Thursday, January 11, 2007

This Is MY House ...

... it's been almost four years that I've been doing the Harry Potter club. We do it once a month. It's loud and messy and loud and crazy and incredibly fun and loud. I started off being forced to do it and having 0-3 kids show up. We thought about quitting the damn thing numerous times. That's entirely due to our old community relations lady who hated me and forced me to maintain a very strict club that only allowed boys as members and assigned homework to its members. Now I get 10-25 kids a month and its crazy mad as all hell and hands down the coolest kids club in town.

However, due to a scheduling conflict, a 10 author discussion and signing was scheduled in my children's department. And two of the authors were the daughters of some rich ass greek land developer that apparently owns most of downtown and may or may not have mob ties. And so the store bent to their needs and 75 to 80 rich white people came in for an ostentatious "networking" book signing about vacationing in Greece and they did it in MY kids section, forcing me to have my 11-kid Harry Potter club meeting in the back of the store between audio books and magazines.

But that bookstore, it is MY house! MY HOUSE!!! Ain't no greek bastards kicking me out of MY house without a fight!

So, at the beginning of the meeting, this is exactly what I told my Potter kids ...

"I don't want you kids to feel any different because we're doing our meeting out here. In fact, I want you kids to be ten times louder. Fifteen times louder! In fact, I want you kids to be SO loud that I want one of the rich high income architect people to come over here and complain."
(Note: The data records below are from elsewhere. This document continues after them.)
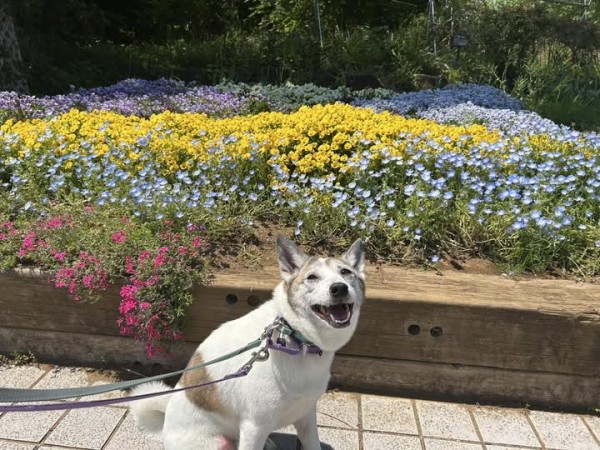 今月は２５日ですサムネイル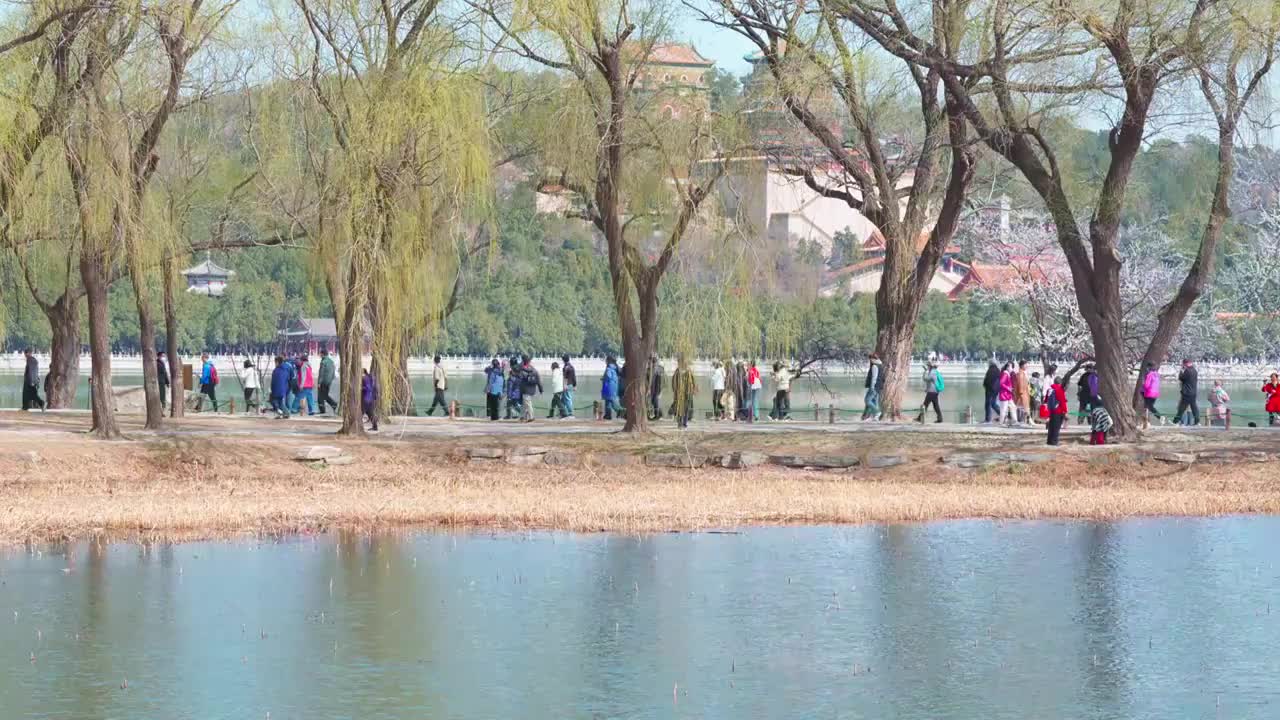 颐和园西提桃花全景视频素材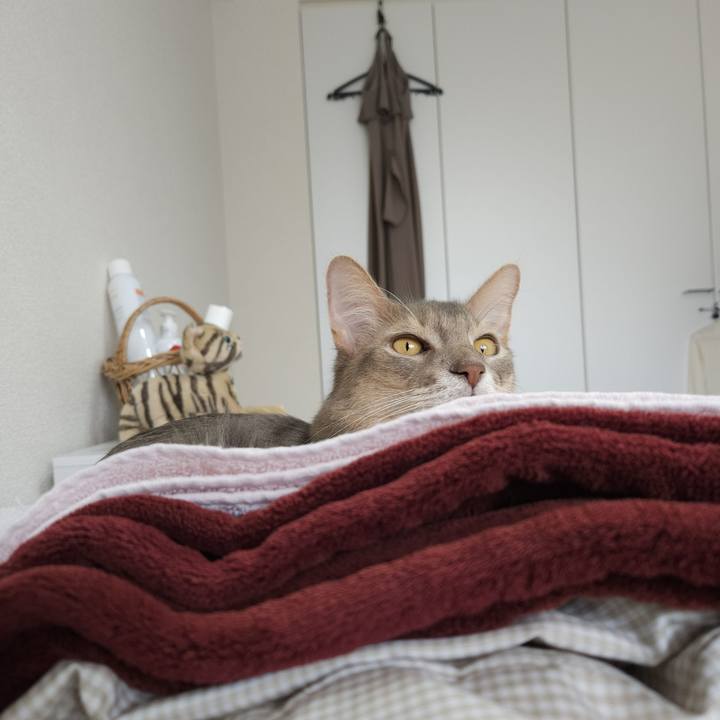 28ceb0a6 77a5 4464 b12a 759ee400bd2d 1699579010957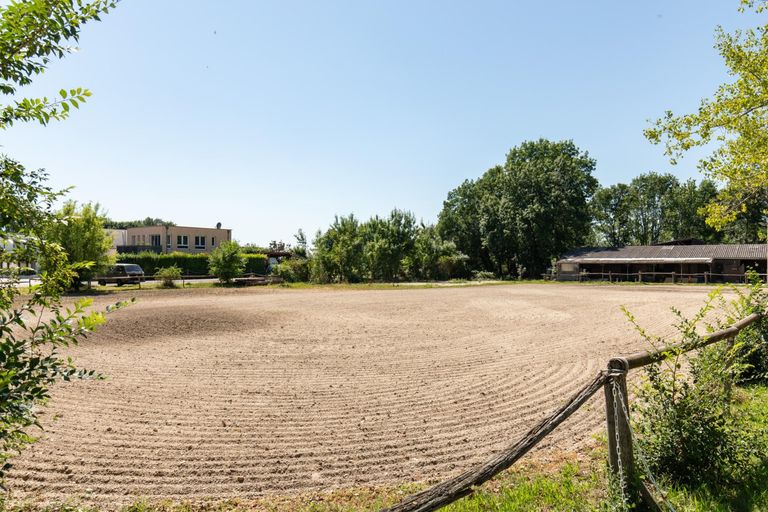 Umgebung - Reitbetrieb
And god were they loud! Damn they were insane. They were twenty times louder than they ever were before. And I started the club about ten minutes late so as to assure we would run late and therefore run over the beginning of the signing. And right as I started to pick raffle numbers to signal the end of the meeting, this rich white haired botox whore wearing a fur fucking coat came and said "I'm sorry. I don't mean to interrupt the little 'meeting' you guys are having but we're having a book signing and we can hear everything you guys are saying."

The kids started yelling at her, saying "HEY! WE should be in the kids section!" and "We have this every month!" but I shooshed them. I told the lady as polite and as kurt as I could that I had two minutes left and the more I was interrupted the longer it was going to be. When she left one of the kids loudly said "Oh no, they complained! Will you get fired, Steve?"

Once the lady left, I called the kids into a little huddle and quietly whispered "Kids, that was so totally awesome. That is exactly what I wanted to happen. Sweet! That was totally rock and roll. Give yourselves a round of applause."

How punk rock star is that?

Marisa says that I probably shouldn't be, as she put it, "teaching the kids how to hate." But that's what happens when they try to kick me out of my house.